Technical information
- Licensing authority: CRT
- Facility ID: 164405
- ERP: 52 kW
- HAAT: 562 m (1,844 ft)
- Transmitter coordinates: 31°40′14.8″N 106°31′11.1″W﻿ / ﻿31.670778°N 106.519750°W

Links
- Website: Azteca 7

= XHCJH-TDT =

Television station in Ciudad Juárez

XHCJH-TDT (channel 20) is a television station located in Ciudad Juárez, Chihuahua, Mexico, and serving El Paso, Texas, United States.
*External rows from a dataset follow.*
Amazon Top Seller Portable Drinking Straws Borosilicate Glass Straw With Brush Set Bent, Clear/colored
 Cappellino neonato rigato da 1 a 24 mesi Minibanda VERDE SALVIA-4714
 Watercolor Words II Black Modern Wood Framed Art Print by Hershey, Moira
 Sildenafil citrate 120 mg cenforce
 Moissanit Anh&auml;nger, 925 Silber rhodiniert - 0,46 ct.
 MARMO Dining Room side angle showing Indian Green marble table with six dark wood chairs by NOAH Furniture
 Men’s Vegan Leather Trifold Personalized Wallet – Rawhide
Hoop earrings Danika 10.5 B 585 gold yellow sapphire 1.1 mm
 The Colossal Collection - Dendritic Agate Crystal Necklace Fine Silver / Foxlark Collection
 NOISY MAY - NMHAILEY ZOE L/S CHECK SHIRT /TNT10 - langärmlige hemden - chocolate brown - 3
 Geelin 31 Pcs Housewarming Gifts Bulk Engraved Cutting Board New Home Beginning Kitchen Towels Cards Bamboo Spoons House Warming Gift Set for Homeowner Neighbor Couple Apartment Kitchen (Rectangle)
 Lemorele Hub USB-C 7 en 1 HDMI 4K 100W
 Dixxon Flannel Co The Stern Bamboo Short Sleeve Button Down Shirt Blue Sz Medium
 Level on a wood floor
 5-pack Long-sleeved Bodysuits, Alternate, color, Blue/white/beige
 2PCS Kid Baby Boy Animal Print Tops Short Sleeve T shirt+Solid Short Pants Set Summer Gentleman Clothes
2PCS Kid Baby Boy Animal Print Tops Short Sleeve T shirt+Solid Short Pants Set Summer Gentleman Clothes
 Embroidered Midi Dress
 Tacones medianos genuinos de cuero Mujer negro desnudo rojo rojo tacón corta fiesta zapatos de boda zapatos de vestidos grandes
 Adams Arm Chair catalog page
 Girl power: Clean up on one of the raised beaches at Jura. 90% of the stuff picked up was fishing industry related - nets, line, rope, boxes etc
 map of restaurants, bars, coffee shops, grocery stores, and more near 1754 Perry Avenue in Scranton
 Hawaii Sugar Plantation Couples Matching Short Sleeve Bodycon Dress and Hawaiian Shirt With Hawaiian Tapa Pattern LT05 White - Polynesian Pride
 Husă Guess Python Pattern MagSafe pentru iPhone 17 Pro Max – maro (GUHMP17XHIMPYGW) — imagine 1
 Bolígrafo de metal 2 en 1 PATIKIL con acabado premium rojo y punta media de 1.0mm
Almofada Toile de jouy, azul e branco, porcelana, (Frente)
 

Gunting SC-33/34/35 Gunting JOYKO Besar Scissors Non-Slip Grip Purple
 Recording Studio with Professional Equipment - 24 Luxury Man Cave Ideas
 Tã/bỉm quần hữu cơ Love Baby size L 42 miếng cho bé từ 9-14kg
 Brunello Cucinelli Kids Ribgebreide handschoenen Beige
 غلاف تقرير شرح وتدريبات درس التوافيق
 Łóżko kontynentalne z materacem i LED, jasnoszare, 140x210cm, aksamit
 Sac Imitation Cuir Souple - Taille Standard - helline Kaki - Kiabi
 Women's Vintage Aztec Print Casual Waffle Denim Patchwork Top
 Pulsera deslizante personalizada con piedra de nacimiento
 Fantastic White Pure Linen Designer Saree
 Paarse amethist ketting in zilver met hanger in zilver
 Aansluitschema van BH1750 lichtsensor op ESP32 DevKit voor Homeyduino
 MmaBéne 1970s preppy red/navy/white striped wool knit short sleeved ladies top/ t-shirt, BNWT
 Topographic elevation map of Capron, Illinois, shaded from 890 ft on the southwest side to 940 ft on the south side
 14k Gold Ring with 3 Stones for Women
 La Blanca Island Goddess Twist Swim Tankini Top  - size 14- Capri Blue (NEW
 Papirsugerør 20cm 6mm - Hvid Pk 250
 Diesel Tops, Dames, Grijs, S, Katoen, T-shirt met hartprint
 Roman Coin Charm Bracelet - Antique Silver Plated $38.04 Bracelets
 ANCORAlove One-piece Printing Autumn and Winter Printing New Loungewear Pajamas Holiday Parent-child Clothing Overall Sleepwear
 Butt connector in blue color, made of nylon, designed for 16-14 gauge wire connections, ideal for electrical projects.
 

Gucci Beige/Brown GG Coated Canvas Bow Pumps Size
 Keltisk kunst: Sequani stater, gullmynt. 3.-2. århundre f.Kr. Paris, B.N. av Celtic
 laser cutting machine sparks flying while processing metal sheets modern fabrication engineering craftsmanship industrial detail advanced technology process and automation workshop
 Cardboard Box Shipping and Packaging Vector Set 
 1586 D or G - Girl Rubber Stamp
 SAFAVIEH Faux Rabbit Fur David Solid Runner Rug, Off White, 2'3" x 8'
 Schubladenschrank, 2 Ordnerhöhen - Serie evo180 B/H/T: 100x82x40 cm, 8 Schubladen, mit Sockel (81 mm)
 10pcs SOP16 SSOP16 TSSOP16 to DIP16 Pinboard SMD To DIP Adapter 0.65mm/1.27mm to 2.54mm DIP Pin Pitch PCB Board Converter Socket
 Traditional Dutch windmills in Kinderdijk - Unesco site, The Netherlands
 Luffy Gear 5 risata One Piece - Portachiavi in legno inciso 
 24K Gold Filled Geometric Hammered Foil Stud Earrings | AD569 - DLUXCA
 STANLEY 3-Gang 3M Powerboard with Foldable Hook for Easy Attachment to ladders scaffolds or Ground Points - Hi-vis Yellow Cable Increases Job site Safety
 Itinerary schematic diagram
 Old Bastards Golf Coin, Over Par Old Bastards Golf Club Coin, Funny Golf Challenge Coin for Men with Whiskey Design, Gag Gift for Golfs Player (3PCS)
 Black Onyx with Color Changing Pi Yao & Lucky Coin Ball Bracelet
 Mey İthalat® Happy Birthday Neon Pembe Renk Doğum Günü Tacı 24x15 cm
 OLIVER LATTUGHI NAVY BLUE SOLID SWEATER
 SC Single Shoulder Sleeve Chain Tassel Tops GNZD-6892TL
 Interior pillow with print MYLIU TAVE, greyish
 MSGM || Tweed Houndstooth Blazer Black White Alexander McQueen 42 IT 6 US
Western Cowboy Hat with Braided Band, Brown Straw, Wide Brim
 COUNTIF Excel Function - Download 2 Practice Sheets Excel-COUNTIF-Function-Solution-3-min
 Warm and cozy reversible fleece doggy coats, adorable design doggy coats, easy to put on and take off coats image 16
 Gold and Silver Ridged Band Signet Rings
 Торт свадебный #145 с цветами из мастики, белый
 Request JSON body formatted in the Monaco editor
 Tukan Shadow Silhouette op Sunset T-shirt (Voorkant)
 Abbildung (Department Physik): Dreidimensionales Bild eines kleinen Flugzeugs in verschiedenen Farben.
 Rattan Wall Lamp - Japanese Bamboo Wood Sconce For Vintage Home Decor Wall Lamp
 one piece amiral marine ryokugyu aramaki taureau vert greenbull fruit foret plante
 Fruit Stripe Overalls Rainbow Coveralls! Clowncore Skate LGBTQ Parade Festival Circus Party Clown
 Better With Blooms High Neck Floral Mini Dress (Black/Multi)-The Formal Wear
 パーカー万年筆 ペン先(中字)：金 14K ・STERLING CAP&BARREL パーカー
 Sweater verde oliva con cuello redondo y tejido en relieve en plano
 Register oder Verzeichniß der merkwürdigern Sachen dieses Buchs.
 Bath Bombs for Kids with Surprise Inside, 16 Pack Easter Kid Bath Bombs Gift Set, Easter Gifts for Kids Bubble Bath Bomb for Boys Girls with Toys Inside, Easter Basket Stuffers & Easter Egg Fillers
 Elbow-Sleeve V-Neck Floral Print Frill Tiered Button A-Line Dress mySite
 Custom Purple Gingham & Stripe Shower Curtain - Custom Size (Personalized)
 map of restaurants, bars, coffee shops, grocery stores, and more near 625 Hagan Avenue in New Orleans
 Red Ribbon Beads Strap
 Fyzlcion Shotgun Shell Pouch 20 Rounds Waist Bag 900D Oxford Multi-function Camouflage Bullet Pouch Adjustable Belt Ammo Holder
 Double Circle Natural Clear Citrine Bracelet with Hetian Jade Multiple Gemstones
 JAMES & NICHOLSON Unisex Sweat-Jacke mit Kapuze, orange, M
The station is owned by TV Azteca and carries its Azteca 7 network.

==Technical information==
===Subchannels===
The station's digital signal is multiplexed:

Subchannels of XHCJH-TDT
| Channel | Res. | Short name | Programming |
| 20.1 | 1080i | XHCJH | Azteca 7 |
| 20.2 | 480i | A Más |

XHCJH-TDT remained on virtual channel 20 after October 2016 because the use of channel 7 would conflict with KVIA-TV.

===Analog-to-digital conversion===
Due to the Mexican analog-to-digital conversion mandate, XHCJH-TV analog channel 20 was shut down on July 14, 2015.